This article included in the Large-Scale Biosphere-Atmosphere (LBA) Experiment special collection.

1. Introduction

The Brazilian Amazon forest and cerrado savanna regions cover more than 7 × 106 km2 of South America. They are highly diverse in terms of species composition, ecosystem physiognomy, disturbance regimes, and human activities. The spatial coverage, inaccessibility, and structural variation of these biomes impede measurement and monitoring studies pertinent to ecological research, conservation studies, and land management.

Remote sensing is the best possible method for large-scale studies of Amazon forest and cerrado savanna structure and function, but limitations in sensor capabilities and methodologies have prevented detailed studies of ecosystem properties using space-based instruments.
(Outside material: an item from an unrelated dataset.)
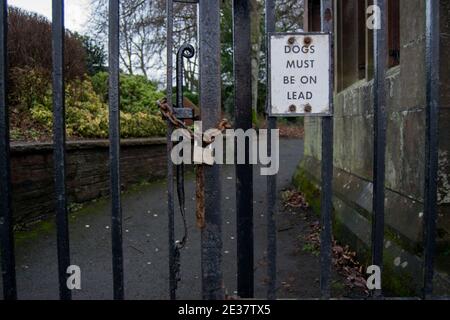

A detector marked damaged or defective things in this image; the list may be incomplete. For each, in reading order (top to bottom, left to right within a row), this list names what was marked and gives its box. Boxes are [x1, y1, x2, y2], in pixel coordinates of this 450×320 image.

rust on chain [158, 96, 230, 229]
Systems that can cover the entire region on a daily or weekly basis, such as the National Aeronautics and Space Administration (NASA) Moderate Resolution Imaging Spectroradiometer (MODIS), provide vegetation metrics like the normalized difference vegetation index (NDVI) at spatial resolutions of 250–1000 m. The NDVI is often suitable for monitoring changes in greenness (e.g., Ferreira et al. 2003), but at low to moderate spatial resolutions (≥ 250 m), it is not sufficient for studies of many forest disturbances (e.g., Asner et al. 2003b). Even at high spatial resolution such as 30-m Landsat Enhanced Thematic Mapper Plus (ETM+) data, the NDVI can only provide an empirical metric of canopy greenness. It is not suitable for studies of ecosystem structure.

Many groups have undertaken the challenge of mapping Amazon forests and cerrado savanna using high spatial resolution Landsat data. At the scale of an individual satellite image or subscene (∼185 km × 185 km or less), techniques have ranged from band analysis to vegetation indices to spectral mixture analysis (e.g., Adams et al. 1990; Steininger 1996; Stone and Lefebvre 1998; Cochrane et al. 1999; Souza et al. 2003). Such studies often provide information on forest canopy cover, disturbance, and regrowth; however, the highly manual nature of these efforts prevents them from being used over millions of square kilometers of Brazil.

Very large-scale, labor-intensive efforts to compile Landsat data have mainly focused on estimating gross rates of forest clearing or deforestation [e.g., Skole and Tucker 1993; (the Instituto Nacional de Pesquisas Espaciais) INPE 2004]. These studies utilize individual bands of Landsat data and manual/visual interpretation to identify cattle pastures and agricultural fields, compiling all of the results into an annual estimate of deforestation. These products are thematic; that is, they indicate whether there is forest present in an area. They do not provide a biophysical measure of forest structure, and thus they are difficult to use in studies of forest dynamics, ecology, biogeochemistry, and conservation planning.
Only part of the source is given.